Net earned premium increased by 2.9% to $11.7 million in 4Q17 compared to 4Q16 due to an increase in policy retention.
Net claims incurred decreased by $1.4 million or 59.6% due to improvement in claims experience.
Net commission income increased by 32.8% to $3.5 million.
Management expenses was lower by $0.2 million or 5.9%.
Consequently, underwriting profit in 4Q17 increased by $2.8 million or 32.2% to $11.5 million.
The company recorded a non-underwriting gain of $2.7 million due mainly to gains arising from disposal of investments.
Profit before tax for 4Q17 increased by 74.5% to $14.2 million due mainly to improvement in both underwriting profit and investment results.
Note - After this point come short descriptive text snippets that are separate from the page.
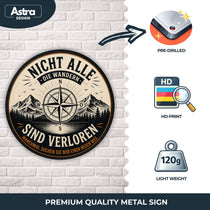 Blechschild Rund 30cm – Nicht alle die wandern sind verloren Kompass Deko – Produktansicht 3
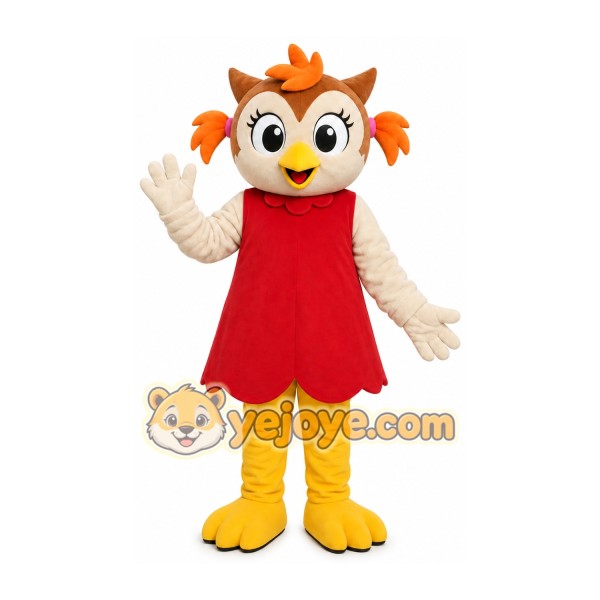 Orange Owl Girl Mascot Costume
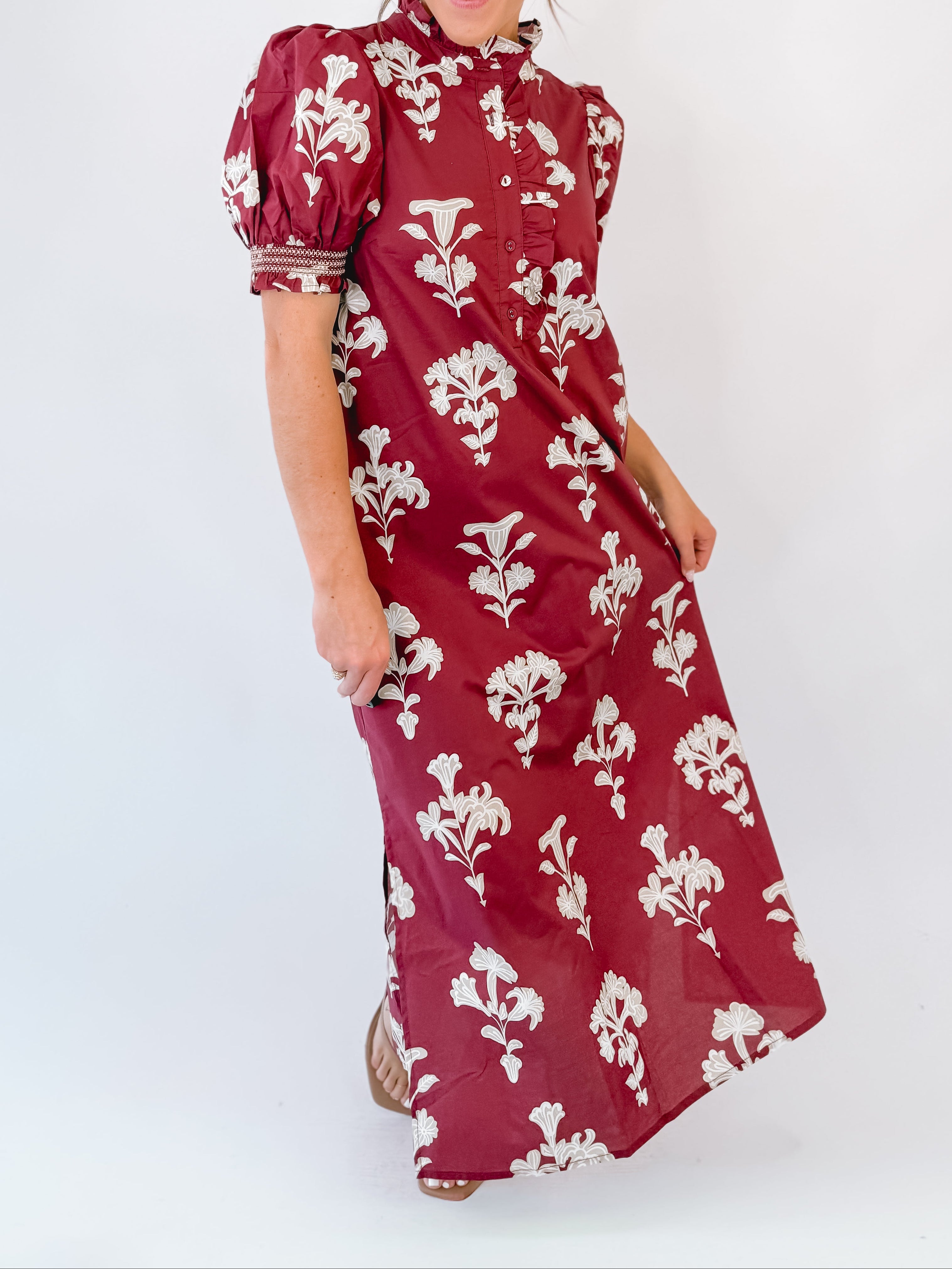 Garnet Ivy Petal Midi Dress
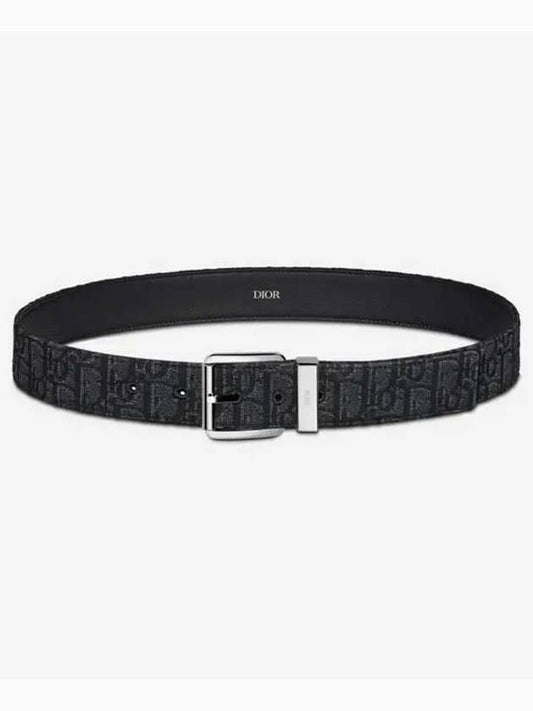 Logo Jacquard Leather Belt Black - DIOR - BALAAN 2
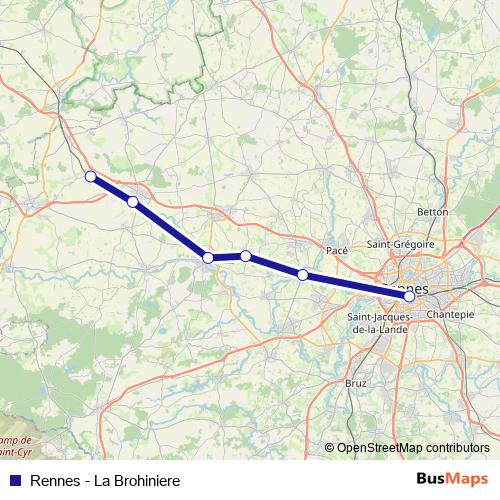 Rennes - La Brohiniere rail Line Map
UOI says despite improving economic outlook locally and regionally, the general insurance market is not expected to benefit to any extent in light of continued intense competition resulting from unabated growth in worldwide market capacity.
"Premium rates are likely to continue its slide, rendering it difficult to underwrite profitably in many lines of business," says UOI.
Meanwhile, digitised online service will increasingly become an essential part of insurance operations. And while it may not contribute substantially to non-life business growth initially, it will add to the business cost.
On the investment front, the operating environment may become more conducive. However, many uncertainties remain globally, particularly in the area of geopolitics.
"Prudence will continue to be the best policy," UOI concludes.
Shares in UOI closed 5 cents lower at $7.25 on Monday.